Les parties prenantes détenant deux ou trois attributs sont considérées comme
étant « en attente » :
- Les parties prenantes dominantes sont à la fois légitimes et détentrices
d’un pouvoir. Il existe en général une reconnaissance formelle de leur
influence et de leur importance pour l’entreprise. Ce sont par exemple les
grands actionnaires, les principaux préteurs, les leaders politiques ou les
employés (via le service des ressources humaines).

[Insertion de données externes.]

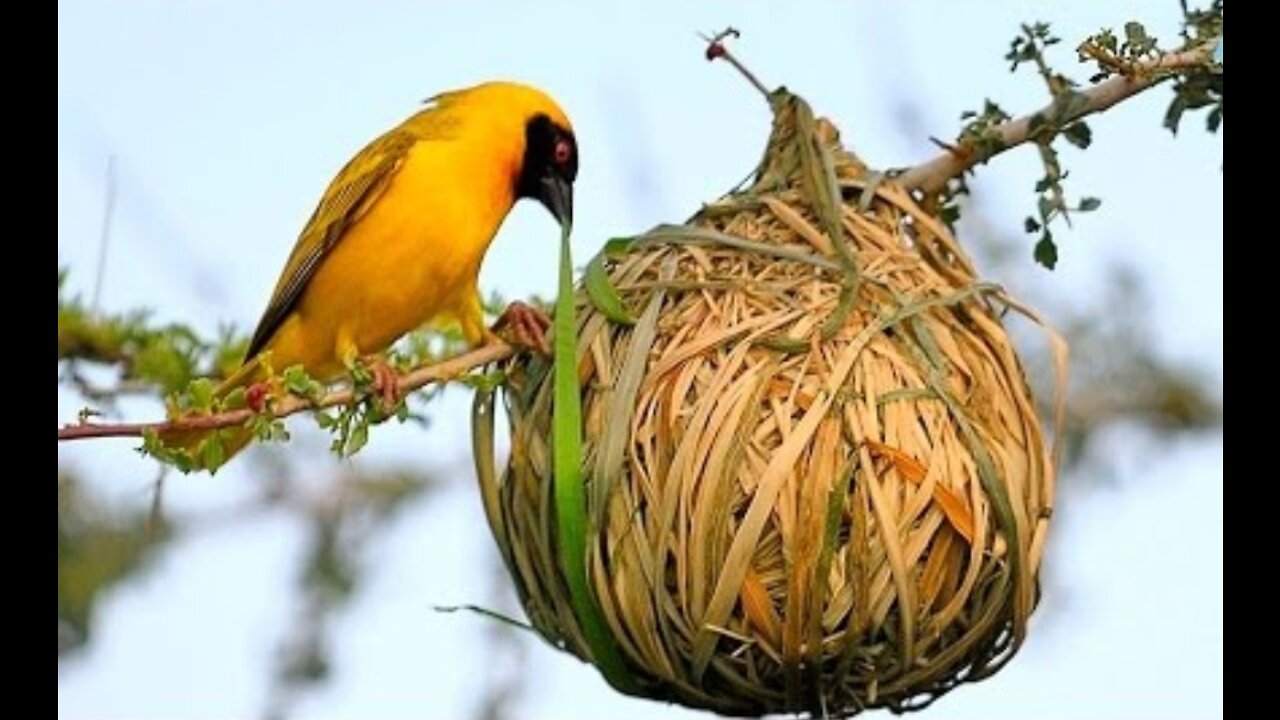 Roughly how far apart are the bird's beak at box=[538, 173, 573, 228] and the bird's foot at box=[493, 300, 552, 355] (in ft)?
1.38

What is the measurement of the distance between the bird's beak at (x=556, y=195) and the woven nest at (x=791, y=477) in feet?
1.45

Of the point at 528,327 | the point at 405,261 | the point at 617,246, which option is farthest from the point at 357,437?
the point at 405,261

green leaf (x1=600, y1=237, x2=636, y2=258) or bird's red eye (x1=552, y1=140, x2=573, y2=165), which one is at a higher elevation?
bird's red eye (x1=552, y1=140, x2=573, y2=165)

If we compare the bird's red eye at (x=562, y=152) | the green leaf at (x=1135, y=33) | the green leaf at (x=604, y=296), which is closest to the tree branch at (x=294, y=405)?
the green leaf at (x=604, y=296)

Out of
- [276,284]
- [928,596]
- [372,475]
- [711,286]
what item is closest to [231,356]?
[276,284]

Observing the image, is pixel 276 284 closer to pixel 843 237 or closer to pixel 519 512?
pixel 519 512

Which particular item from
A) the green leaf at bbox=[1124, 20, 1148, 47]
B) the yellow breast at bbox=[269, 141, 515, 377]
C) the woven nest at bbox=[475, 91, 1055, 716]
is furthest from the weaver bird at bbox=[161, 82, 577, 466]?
the green leaf at bbox=[1124, 20, 1148, 47]

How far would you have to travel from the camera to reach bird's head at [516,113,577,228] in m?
2.47

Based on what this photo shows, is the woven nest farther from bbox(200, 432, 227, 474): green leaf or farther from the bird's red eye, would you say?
the bird's red eye

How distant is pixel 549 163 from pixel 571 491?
26.1 inches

- Les parties prenantes dépendantes ont des revendications légitimes et
pressantes mais manquent de pouvoir d’influence sur l’organisation. On
pensera par exemple aux victimes d’une marée noire (habitants locaux,
vacanciers, mais aussi faune et flore) qui, sans l’appui d’une partie
prenante détenant un pouvoir, comme par exemple les collectivités
territoriales ou l’Etat, ne peuvent pas forcément obtenir directement
réparation.
- Les parties prenantes dangereuses détiennent pouvoir et urgence mais ne
sont pas considérées comme légitimes. Ca a été le cas des terroristes dans
le drame des attentats du 11 septembre 2001 qui ont pu imposer leur
temporalité et leur pouvoir sans être pour autant reconnus. On pensera
aussi à certains cas de sabotage des employés ou de prise d’otage de
dirigeants.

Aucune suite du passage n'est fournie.